Understanding the Quran
This story is amazing for several reasons. The first and foremost is the understanding of the Quran that the unnamed servant had. Between the moment she dropped the jug and the moment he looked up at her, she was able to recall the perfect āyah that she could remind him of in that situation. This indicates that even at the lowest level of the social structure, in the position of servant, she not only had at least a portion of the Qur’an memorized, but she also had the hikmah (wisdom) to understand when and how it could be applied. This is a profound level of attachment to and appreciation of the Qur’an that Muslims today must strive to achieve. The Qur’an, as this story demonstrates, is not irrelevant or otherworldly, but applicable and appreciable in the simplest situations in our everyday lives. Beyond her understanding of the Qur’an, she must have also realized that only an āyah of the Qur’an would be the most effective way to calm Imam Zayn al-‘Abidīn down. She did not say “I’m so sorry” and then recited the āyah. She realized that she did not have to say anything more or less than what Allah (‘azza wa jal) Himself, in this āyah, was describing as the characteristics of al-muhsinūn, or those who do good. The reference to the Qur’an gave her not only forbearance and forgiveness, but her emancipation as well.
Lesson from Imam Zayn al-Abidin Story
The lesson from the perspective of Imam Zayn al-‘Abidīn is something that many Muslims are aware of and yet do not do enough of – applying our understanding of the Qur’an. This āyah is not a very long one, but yet he did not even wait for her to finish reciting all of it before he applied what he heard and understood of it. There are some āyāt in the Quran that need deeper, more intensive study to be made applicable for the ordinary Muslim in his/her daily life. Others, such as this one, are more straightforward in their instructions for the Muslims, leaving little excuse for us to even delay their application (much less remain passive, as we often do).
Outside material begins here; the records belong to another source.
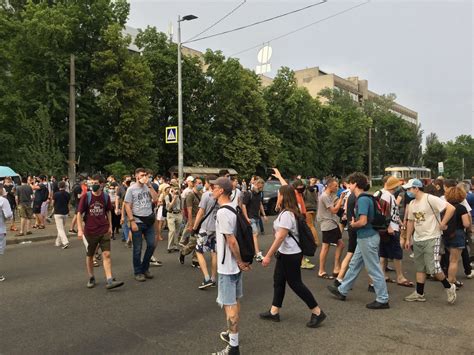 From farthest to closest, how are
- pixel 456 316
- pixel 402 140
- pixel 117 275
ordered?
pixel 402 140 → pixel 117 275 → pixel 456 316

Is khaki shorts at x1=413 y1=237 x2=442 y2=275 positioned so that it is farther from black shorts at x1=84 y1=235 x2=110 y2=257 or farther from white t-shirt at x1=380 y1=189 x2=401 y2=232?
black shorts at x1=84 y1=235 x2=110 y2=257

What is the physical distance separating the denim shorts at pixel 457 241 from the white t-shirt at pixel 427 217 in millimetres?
917

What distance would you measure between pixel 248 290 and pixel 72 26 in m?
24.3

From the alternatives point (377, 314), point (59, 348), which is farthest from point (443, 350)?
point (59, 348)

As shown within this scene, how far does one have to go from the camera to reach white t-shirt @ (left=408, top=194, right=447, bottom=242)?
19.5 feet

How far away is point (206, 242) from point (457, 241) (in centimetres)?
411

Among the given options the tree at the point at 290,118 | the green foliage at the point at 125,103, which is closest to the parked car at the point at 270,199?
the green foliage at the point at 125,103

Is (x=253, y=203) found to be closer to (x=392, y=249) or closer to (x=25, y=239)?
(x=392, y=249)

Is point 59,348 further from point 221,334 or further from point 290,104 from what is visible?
point 290,104

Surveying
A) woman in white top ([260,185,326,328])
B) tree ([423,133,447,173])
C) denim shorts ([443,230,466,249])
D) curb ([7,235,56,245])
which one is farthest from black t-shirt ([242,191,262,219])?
tree ([423,133,447,173])

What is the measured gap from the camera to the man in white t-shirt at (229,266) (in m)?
4.10

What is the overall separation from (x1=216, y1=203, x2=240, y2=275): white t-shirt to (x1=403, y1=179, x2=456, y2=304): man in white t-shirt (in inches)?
126

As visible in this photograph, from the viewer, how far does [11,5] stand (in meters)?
27.4

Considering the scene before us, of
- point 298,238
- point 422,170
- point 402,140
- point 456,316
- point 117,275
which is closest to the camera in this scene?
point 298,238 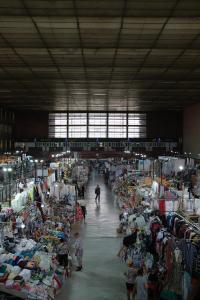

Important Lesson From the Story Of Imam Zayn al-Abidin
Another important lesson is that he did not question the instructions due to the means through which he was reminded of them. This is another prevalent problem in Muslim societies today. An elderly person has difficulty accepting the reminder from a younger person, or a scholar has difficulty accepting the reminder from a non-scholar, even if a reference to the Qur’an has been provided. Not only can this be a pretty sure indicator of arrogance, but it is also very disrespectful to the Quran. The truth should is the truth, regardless of the source through which it comes to you. The Imam did not start to think of why his servant felt the need to remind him of the Qur’an when his own knowledge was so vast (or anything of the sort). He heard the Qur’an, he understood it, and he applied it. This is not to say that we shouldn’t contemplate the Qur’an at a deeper level or be careful about our sources of knowledge. But it is to say that we shouldn’t use those qualifiers as excuses for not reacting to such reminders in the appropriate way.